The interpretation of section 76(1)(b) of the Labour Relations Act.
Case:
National Union of Metalworkers of South Africa v Trenstar (Pty) Ltd (CCT 105/22 [2023] ZACC 11 (Trenstar).
Introduction:
The general rule is that an employer may not use replacement labour, known as “scab labour”, to perform the work of locked-out employees. An exception to this rule, provided for in section 76(1)(b) of the Labour Relations Act, is that the employer may use scab labour if the lock-out is in response to a strike. In this matter, the Constitutional Court dealt with the interpretation of that exception and the meaning of the words “in response to a strike”.
Background:
In the lead up to this case, NUMSA demanded, on behalf of its members, that Trenstar pay a once-off taxable gratuity to employees (“the demand”). The parties were unable to reach an agreement on the demand and NUMSA referred a dispute to the CCMA for conciliation. The dispute remained unresolved after conciliation and NUMSA issued notice to Trenstar that its employees would embark on a strike in support of their demand. The strike began on 26 October 2020.
On 20 November 2020, NUMSA notified Trenstar that its members would suspend the strike; however, that suspension was not to be interpreted as a withdrawal of the demand. On the same day, and shortly after receipt of the notification, Trenstar gave 48 hours’ notice of a lock-out to all NUMSA members. Trenstar recorded that the lock-out was in response to the NUMSA members’ strike action and section 76(1)(b) of the LRA was accordingly applicable. On this interpretation, Trenstar considered itself entitled to use replacement labour.

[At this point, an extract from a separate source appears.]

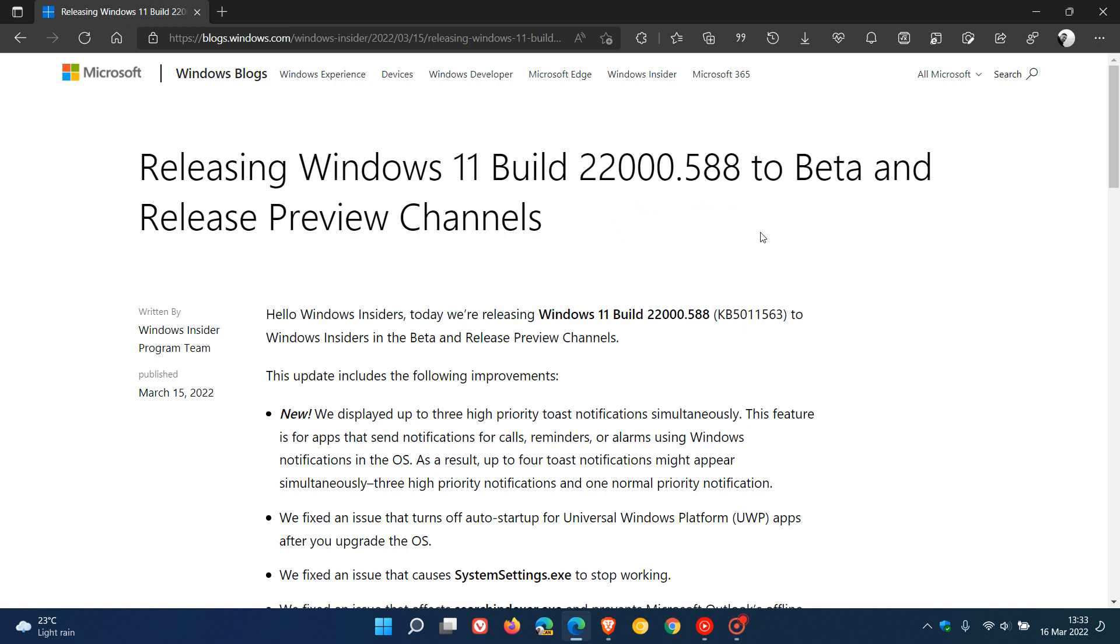As many of you know, and I do talk about this a lot on this channel, we get two main updates per month for Windows 10 and 11. We get the patch Tuesday cumulative updates which are compulsory automatic updates which roll out on the second Tuesday of every month, and then you get your optional bug fix preview updates which roll out near the end of every month for both Windows 10 and 11.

NUMSA approached the Labour Court (“LC”) on an urgent basis for an order interdicting Trenstar from using scab labour. In its court papers, NUMSA argued that the lock-out was not in response to a strike. The LC dismissed NUMSA’s application, stating that “strike” in terms section 76(1)(b) of the LRA qualified the type of lock-out during which replacement labour may be used – that the lock-out was in response to the strike, as opposed to an “offensive” lock-out, where the employer initiates industrial action.
NUMSA appealed to the Labour Appeal Court (“LAC”), which appeal was dismissed on the basis that the matter had since become moot as both the strike and lock-out had concluded.
Dissatisfied with the outcome of the LAC, NUMSA then approached the Constitutional Court, arguing that this matter was of Constitutional importance as it concerned the interpretation of legislation which gives effect to labour relations rights found in section 23 of the Constitution. The Constitutional Court, argued NUMSA, had jurisdiction as the interpretation of section 76(1)(b) was of general public importance. The Constitutional Court granted leave to appeal on the basis that it was in the interests of justice to do so.
Constitutional Court interpretation:
The Constitutional Court had to determine two legal issues on the merits of this case, namely, the distinction (if any) between suspended and terminated strikes, as well as the proper interpretation of “in response to a strike” under section 76(1)(b) of the LRA.
The Constitutional Court considered the definitions of “strike” and “lock-out” in section 213 of the LRA. Importantly, a strike means “the partial or complete refusal to work, or the retardation or obstruction of work…”. The court reasoned that once the strike was suspended, and the employees had tendered their services, there was no refusal to work. What remained was a demand, but “a demand unaccompanied by a concerted withdrawal of labour is not a strike”. As there was no longer a strike, the lock-out was not in response to a strike. Consequently, the court found that “employers cannot bring in replacement labour in the context of a lock-out during a suspended strike”.
The lesson is that a suspended strike is not a strike, and scab labour is not allowed when a strike has been suspended.